KUALA LUMPUR: RHB Bank Bhd is working hard to beat its record performance in the financial year ended Dec 31, 2018 (FY18), said group managing director Datuk Khairussaleh Ramli while noting that there is “nothing on the table” for a merger or acquisition.

Speaking at a media briefing yesterday, Khairussaleh said he is cautiously optimistic on achieving better earnings in current FY19, although margin compression is expected given stiff competition. The banking group posted record net profit of RM2.31 billion for FY18.

“We are working very hard to surpass what we did last year. We are cautiously optimistic that we can still grow our profit this year but that will depend on many parameters including topline growth and provisions,” he said.

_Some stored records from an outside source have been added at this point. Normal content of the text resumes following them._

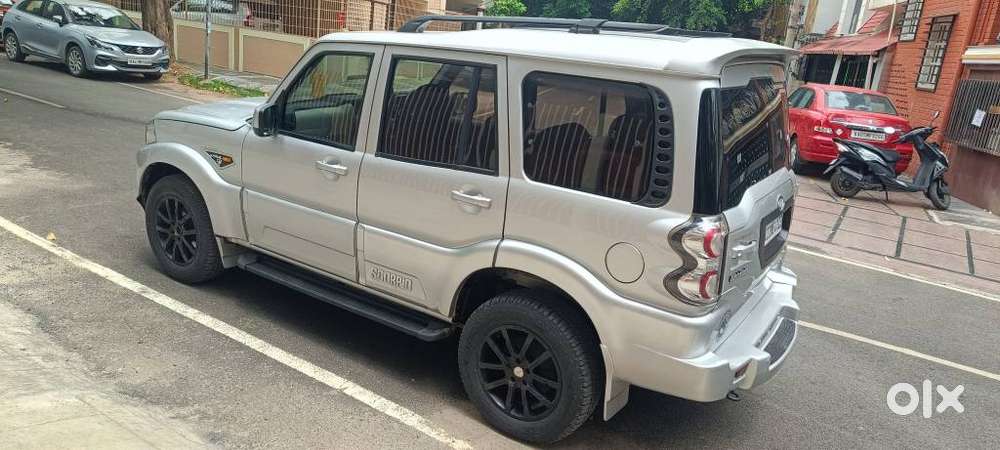 Mahindra Scorpio 1.99 S4 Plus, 2017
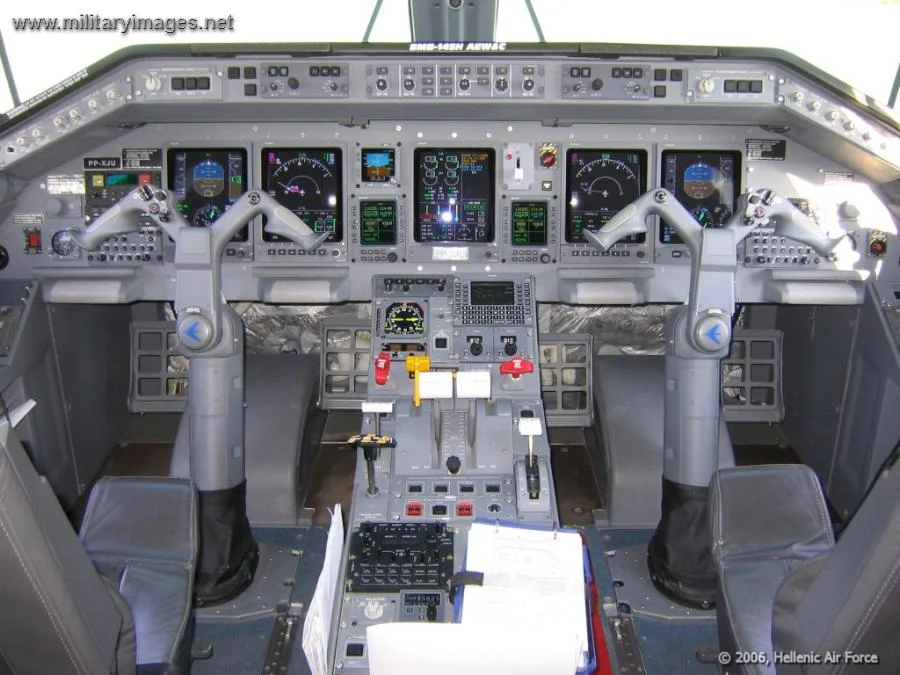 Embraer EMB-145H cockpit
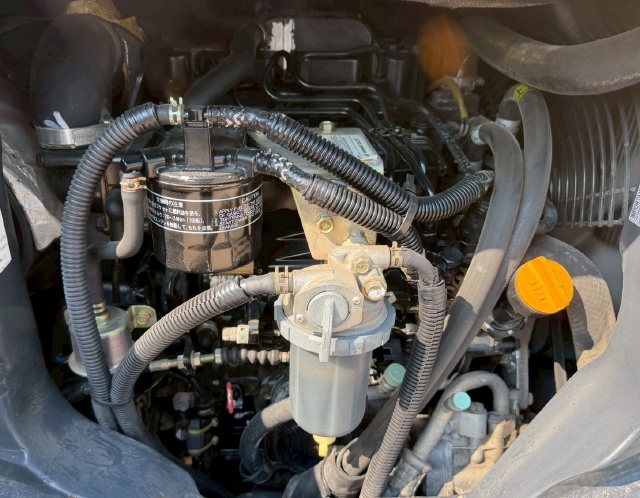 ขายรถขุด KOMATSU PC35MR-2 ปี 2003 อาร์มพิเศษ นำเข้าจากญี่ปุ่น พร้อมใช้ มีVDOการทำงานครับ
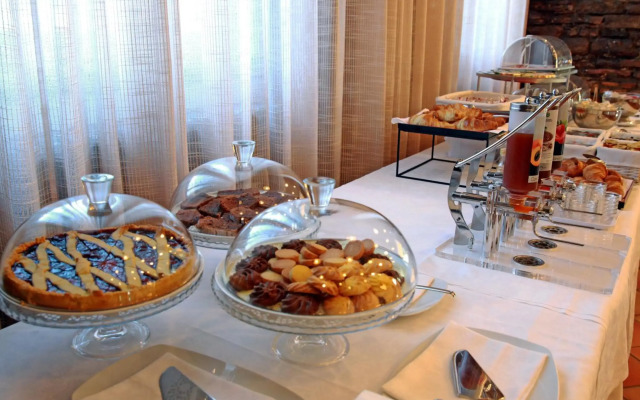 Hotel Ideal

Khairussaleh expects the growth in FY19 to stem from mortgages and SMEs, which were also growth drivers in FY18.

Loan growth was at 5.5% in FY18.

Mortgages accounted for 32% of the group’s total gross loans of RM168.88 billion, while the SME segment — the second largest contributor — accounted for 14%.

The group saw a moderation of its net interest margin in 2HFY18, but still reported a higher margin of 2.24% for the year, compared to 2.18% in the previous year.

He added that deposits are very competitive, especially retail deposits, as banks in Malaysia look to shore up liquidity as required under Bank Negara Malaysia’s net stable funding ratio.

Khairussaleh said the bank is looking for a more holistic approach in competing for deposits, and is looking to rope in customers via digital channels.

“Deposits are getting very competitive, especially in retail because banks are eyeing deposits from the segment to meet the liquidity requirements.

“We are taking a more holistic approach. One of the things we are doing is to launch a mobile banking app to make it more convenient for people to transact and allow us to have deeper customer penetration,” he said

The group has seen good progress in its move towards digital banking so far, he added, pointing to the positive market response to the apps it has launched over the past two years under its five-year FIT22 plan.

He said the RHB MyHome App, which was launched in October 2017, is now contributing about 16% of the group’s total mortgage origination.

“We have allocated over RM200 million for our digital investments which will be spent over the next three to five years,” he said.

Khairussaleh said the bank sees some downside risks amid escalating trade tensions but added that it has subsided slightly.

Based on the developments overseas and domestically, RHB expects Bank Negara Malaysia to maintain the overnight policy rate at 3.25% for the year.